Heureusement, la dérogation à été acceptée. Sinon j’aurais fini par m’en vouloir d’avoir fait cette énorme bêtise de réussir mon Bac !
Je gagne donc 600 euros par mois, le découvert du mois précédent comblé. Il me reste de quoi payer mon loyer (si éventuellement, je décide de ne pas manger et de ne pas sortir pour avoir une vie sociale) !
Mais j’ai des horaires de travail, un bureau et il m’arrive de croiser les mêmes personnes dans le métro le matin. Le simple fait de dire « je vais au bureau » suffit à mon bonheur ! Incroyable, non ?
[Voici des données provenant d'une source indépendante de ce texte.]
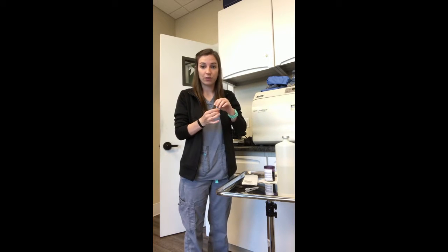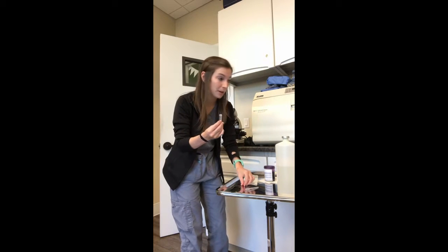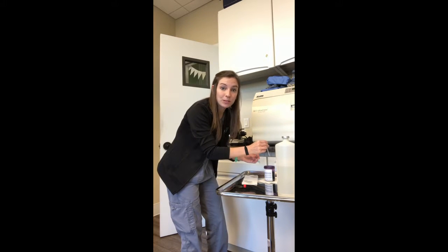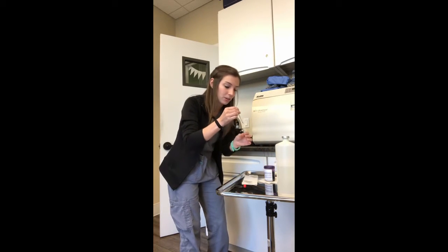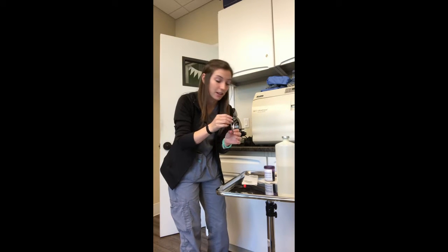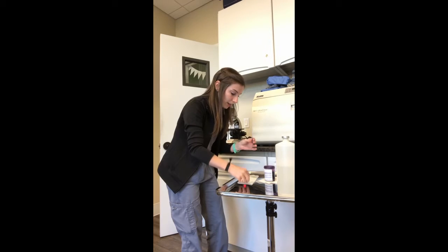I have received my sample that has been spun down through the centrifuge. I am going to pour off the supernatant, and then with what is remaining, I am going to place a drop of methylene blue stain in there. I will use my pipette to mix it up, and then place a drop of it on my slide with a cover slip.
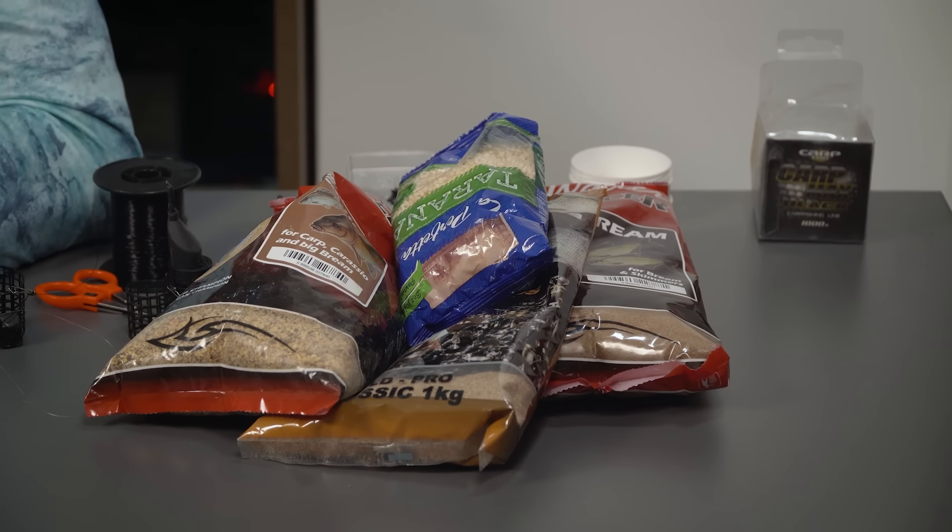Krećemo od početka — ja ću danas da skuvam taranu. Tarana je jedna od mojih omiljenih krupnih partikula koje koristim u punoj sezoni kada je riba izuzetno aktivna. To je jedan od retkih zrnastih peleta koji se ne rastvaraju i ne tope u vodi. Dosta je teška, padne na dno i lepo napravi tepih i hranilište. Imao sam prošle godine nekoliko pitanja kako se sprema i kuva.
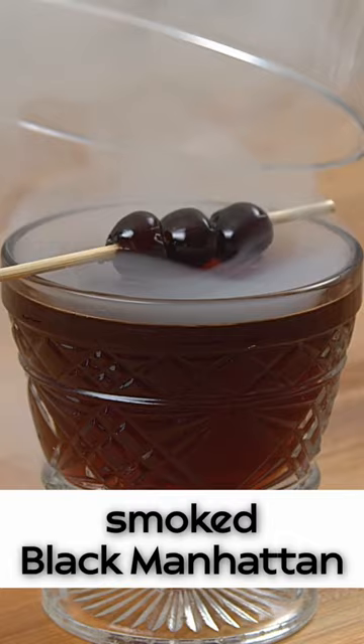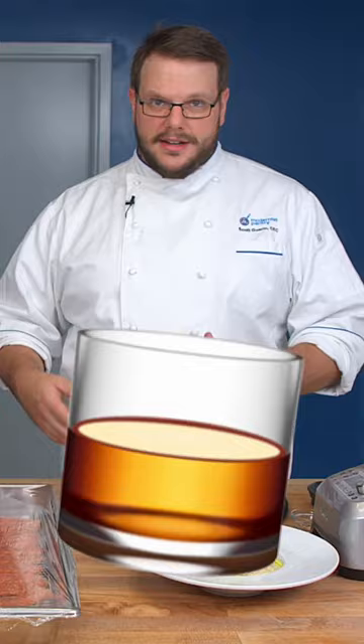The smoking gun is made for a cold smoke, but it's also made for a quick smoke. So if you wanted to smoke something simple, like a cocktail, you're not going to have to fire up your smoker outside and wait for it to get hot. I can do this on demand when I need a little bit of smoke flavor to enhance whatever I'm making.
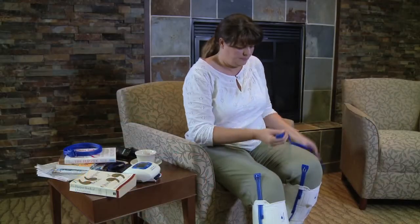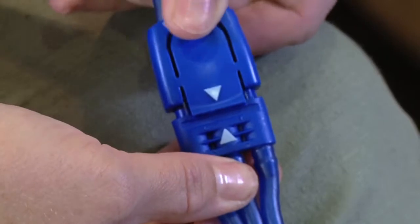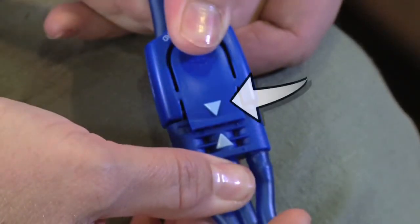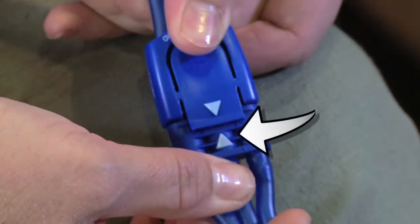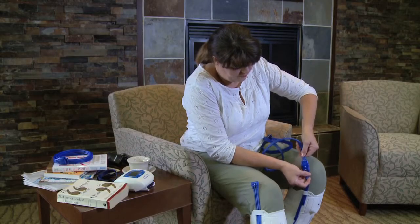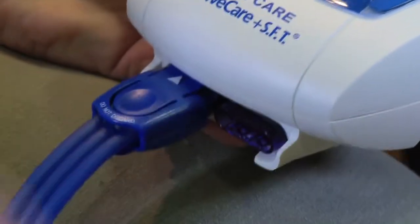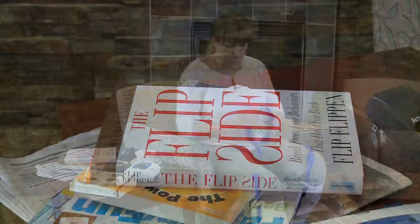Connect one end of the extension tube to the sleeve connector. Find the arrows on each component and connect arrow to arrow. Be sure you have a secure connection at both ends. Repeat for the other sleeve.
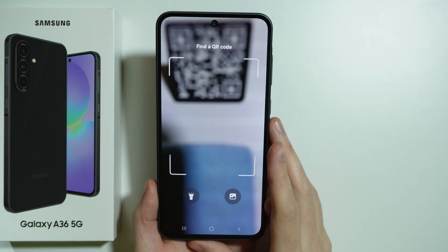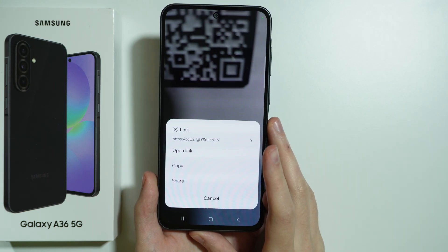So let's open the QR code scanner, and then we can use it as well — and as you can see, it works just fine.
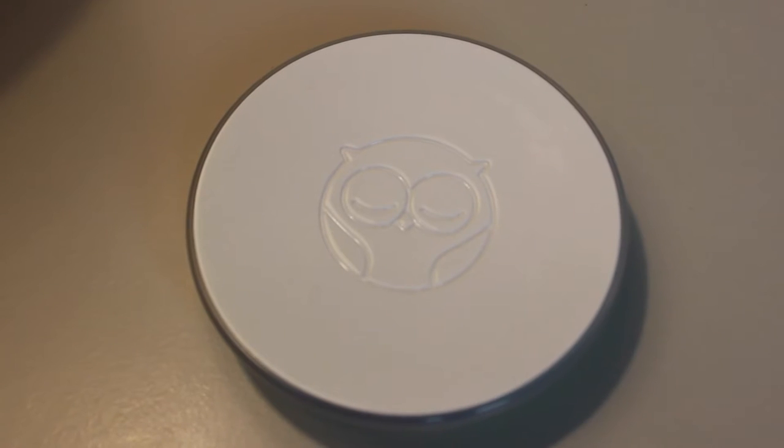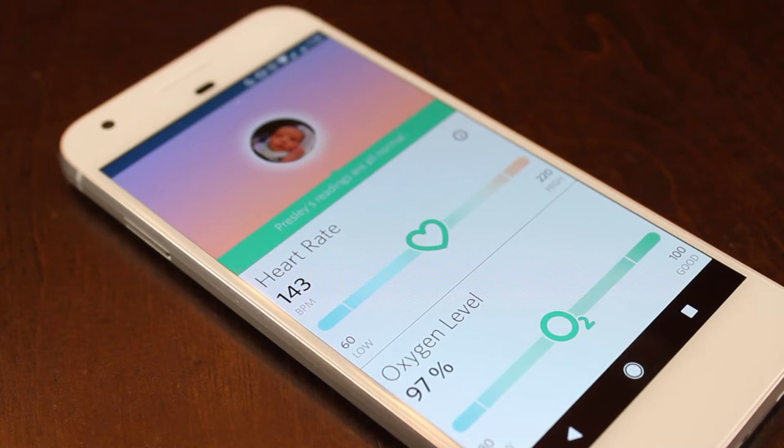The base station is the heart of Owlet. It's designed to notify you if your baby's heart rate or oxygen levels get too low or too high. For the heart rate, if it gets below 60 beats per minute or above 220 beats per minute, you'll be notified. For the oxygen level, if it gets below 80, you're going to get notified. Not only will your base station light up and play a noise, but you'll also get notifications on your phone if something goes wrong.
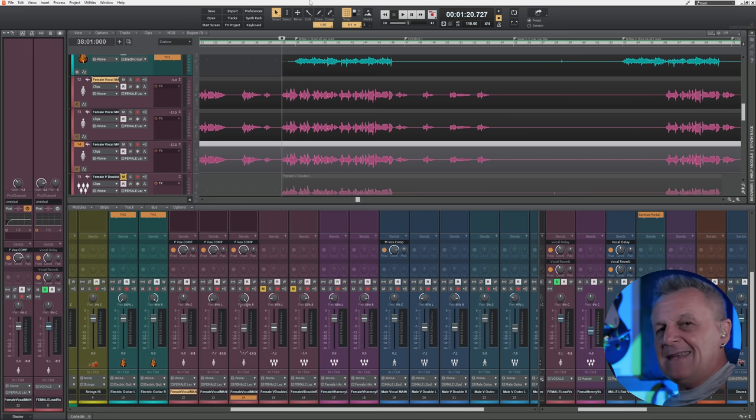We can add some delay by nudging the timing of the copies left and right with keyboard shortcuts. Essentially what we've done here is add delay — and that's fine if that's all you want, but it doesn't really add the same amount of width and can end up with a phasey sound. There are doubling plugins — I know Waves and iZotope have them — and they do a pretty decent job with pitch modulation and timing changes, but the best result comes from recording separate performances and panning them.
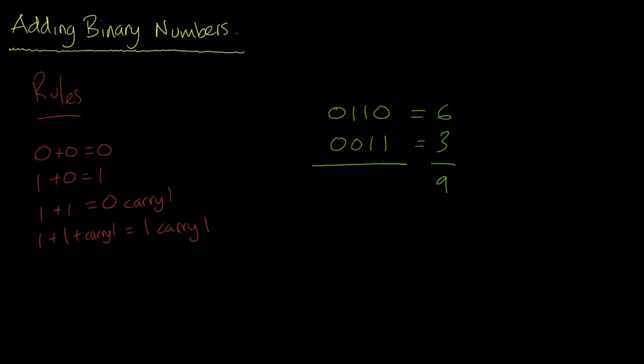Zero plus one is equal to one. One plus one is equal to zero carry a one. One plus zero is one, however we've got two ones here, so one plus one is equal to zero carry one. Zero plus zero plus a carry one is equal to one. We've got one, one, zero, zero, one — eight plus one is equal to nine, so we are correct.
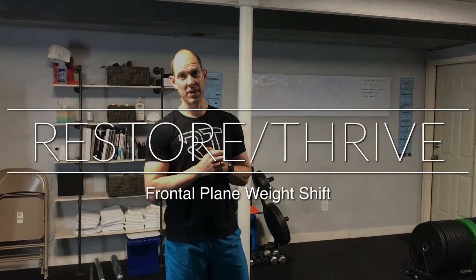Welcome back to Restore Thrive. We're talking about improving your walking and running and lower body mechanics. That's a lot to cover but we're going to do this in a very simple and effective way. Today we're going to talk about a weight shift with frontal plane movement.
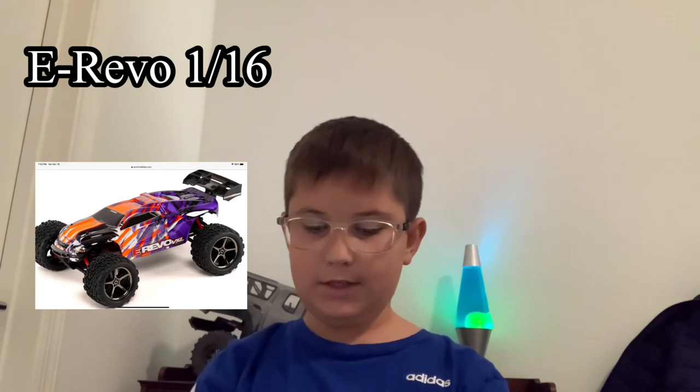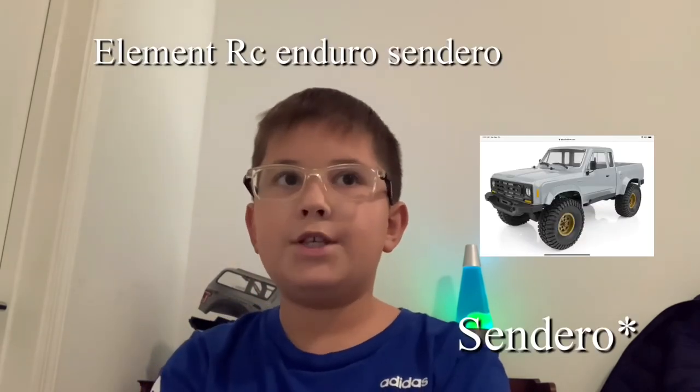Next is the E-Revo 1/16 scale — not the 1/10 scale E-Revo. It's sort of like the Losi 1/18 scale Mini-T, and it's pretty good. I've seen videos about it — super good. If you want a stocking stuffer, the Axial SCX24, the Losi Mini-T, and the E-Revo are pretty good options for that.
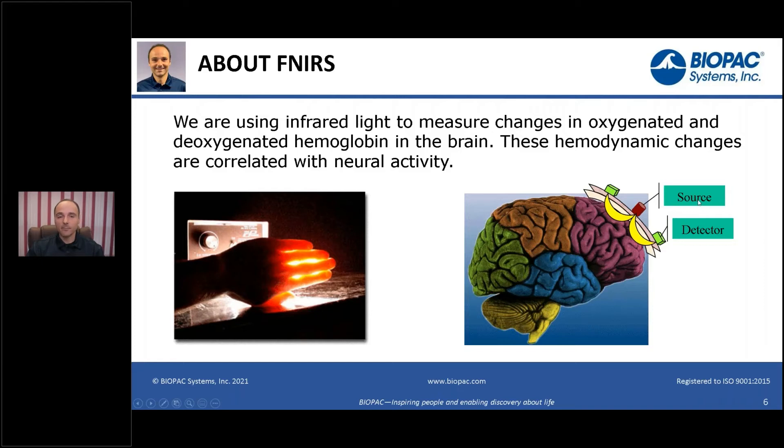The way it works is we have pairs of sources and detectors. We place a sensor on the head that has pairs of sources and detectors — we are emitting infrared light into the brain. We use two different frequencies of light because oxy and deoxy hemoglobin absorb different parts of the light spectrum.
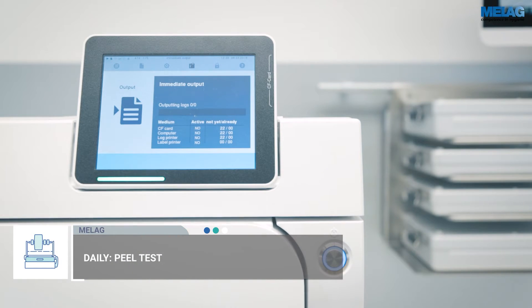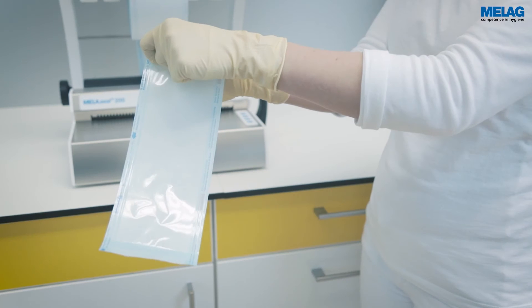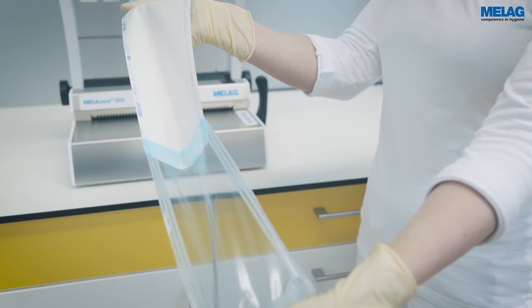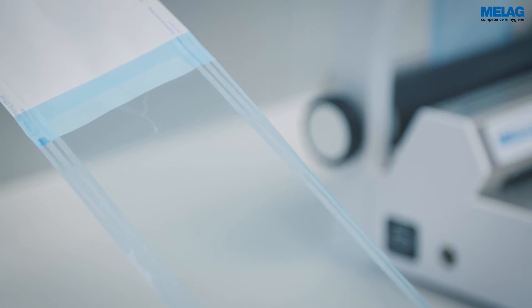To conduct this test, sterilise the sealed packaging. Take it from the steam steriliser and pull the seal seam apart slowly in the peel direction. The force to open a properly sealed pouch has to be equal for all four seal seams. The paper should free itself from the foil, leaving almost no residue.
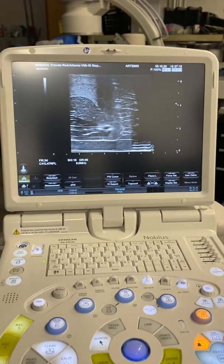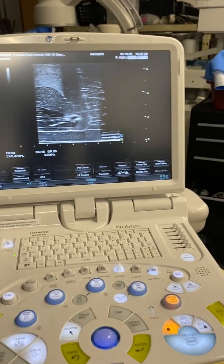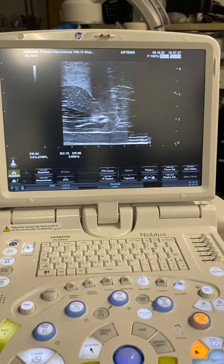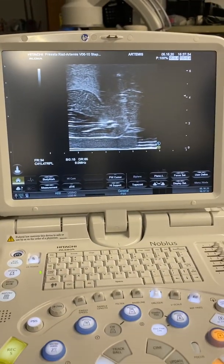After the fiducial markers are placed, we are going to do the SpaceOAR. Remember what I said before for fiducial markers - you want to compress the gland a little bit. You would have put the arm or the stepper up to compress the gland during the fiducial markers, that way the gland is held firmly in place.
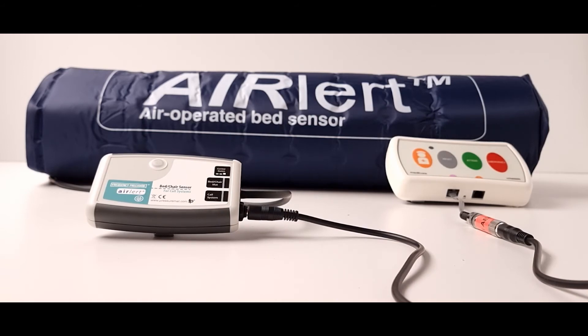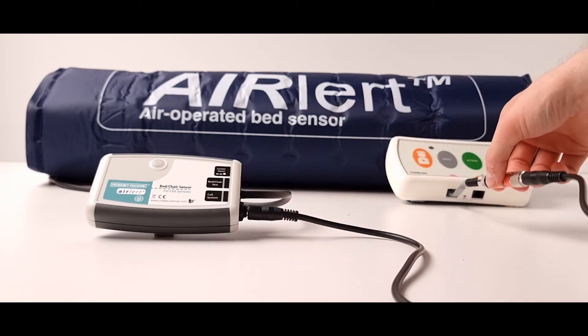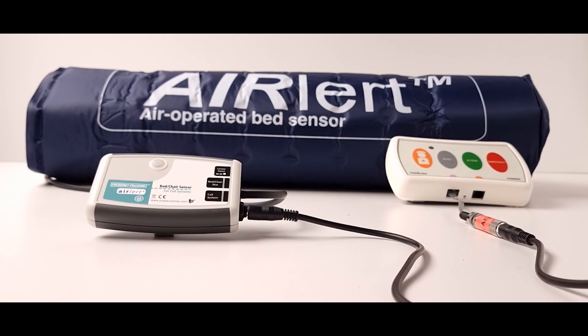The control box will activate the nurse call system in exactly the same way as a wired call bell and we will supply a cable and an adapter which is compatible with your nurse call system. When the patient gets out of bed the nurse call system will be activated.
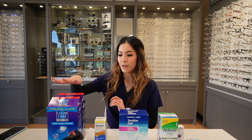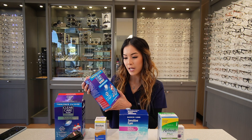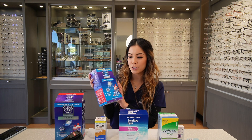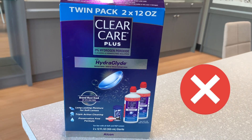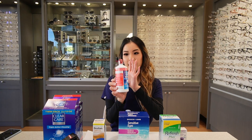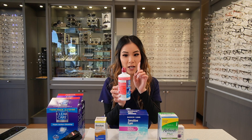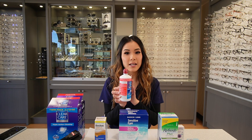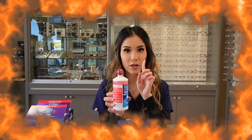In front of me, you'll notice there are several different bottles. The first bottle is Clear Care. Clear Care is a hydrogen peroxide solution. When you purchase Clear Care, make sure you purchase the Triple Action Cleaning Kit instead of the HydroGlide Kit. Notice that the bottle has a red cap — this indicates that it cannot be put directly into your eyes, as it will burn your eyes. So always remember, red cap cannot go into your eyes directly.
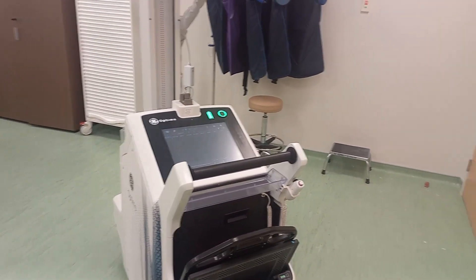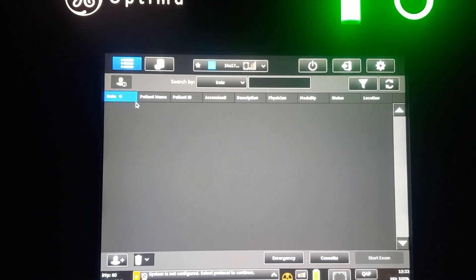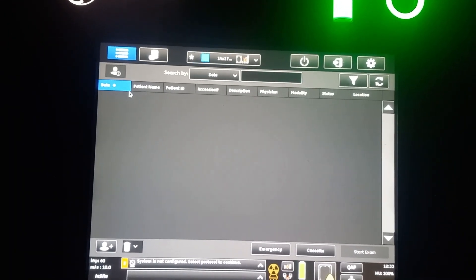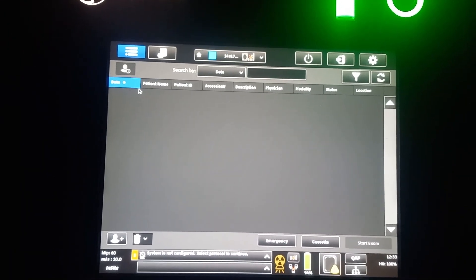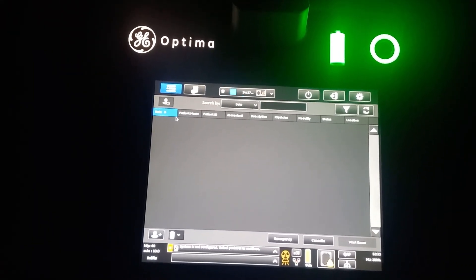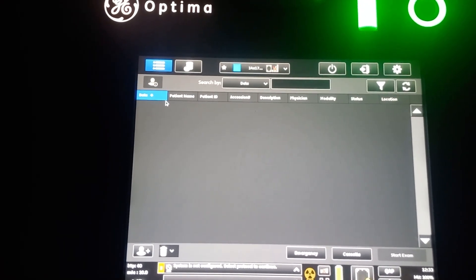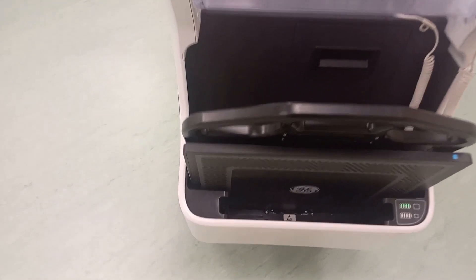Let's talk a little bit about the applications. I'm going to switch off the lights — there you go, that's what your application screen looks like. You have battery level indicators, power light, and all the basics — everything's there.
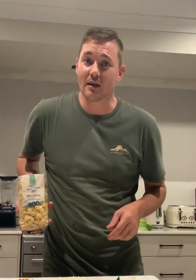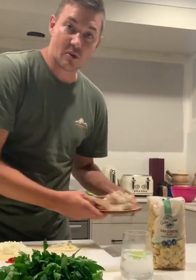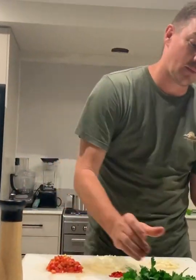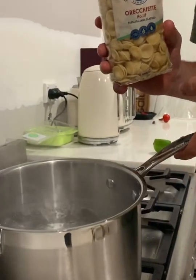Orecchiette pasta, or as the Italians would say, little ears. It says to cook for 11 minutes, so who are we to argue — I'll be cooking that for exactly 11 minutes. Olio, the olive oil. Some fresh local Townsville tiger prawns. A little bit of salt, probably the most important thing. Orecchiette pasta, boiling salted water.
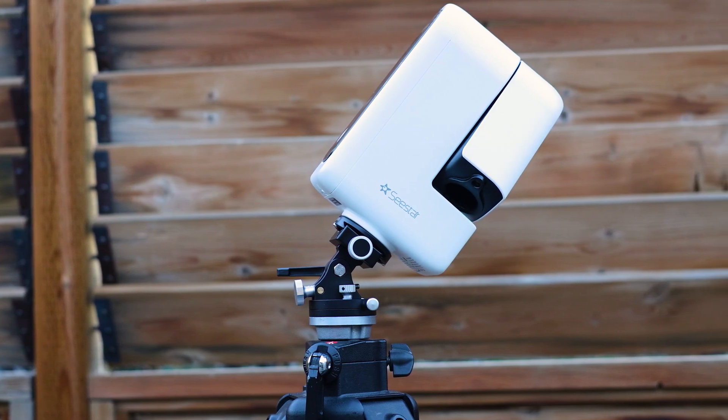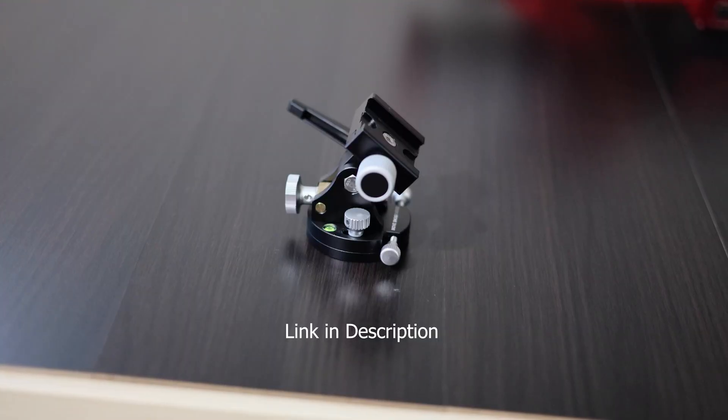Here is the best wedge I found for the Seastar. After trying a couple of different options, I have finally settled on the Move Shoot Move wedge.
Mon histoire continue de s’écrire aujourd’hui. Le problème n’étant plus mon âge, mon lieu d’habitation, mon Bac, cette obstination à vouloir travailler mais les charges qui pèsent sur les entreprises et qui empêchent mon embauche immédiate après mon stage …
La morale de cette histoire ? La discrimination et l’injustice ne sont pas toujours où l’on pense. Et le social, lui, a ses limites. Je comprends, bien sûr, que d’autres dans mon cas baissent les bras. Ma chance aura été et reste le soutien de ma famille qui croît en moi. Mais ceux qui n’en ont pas ?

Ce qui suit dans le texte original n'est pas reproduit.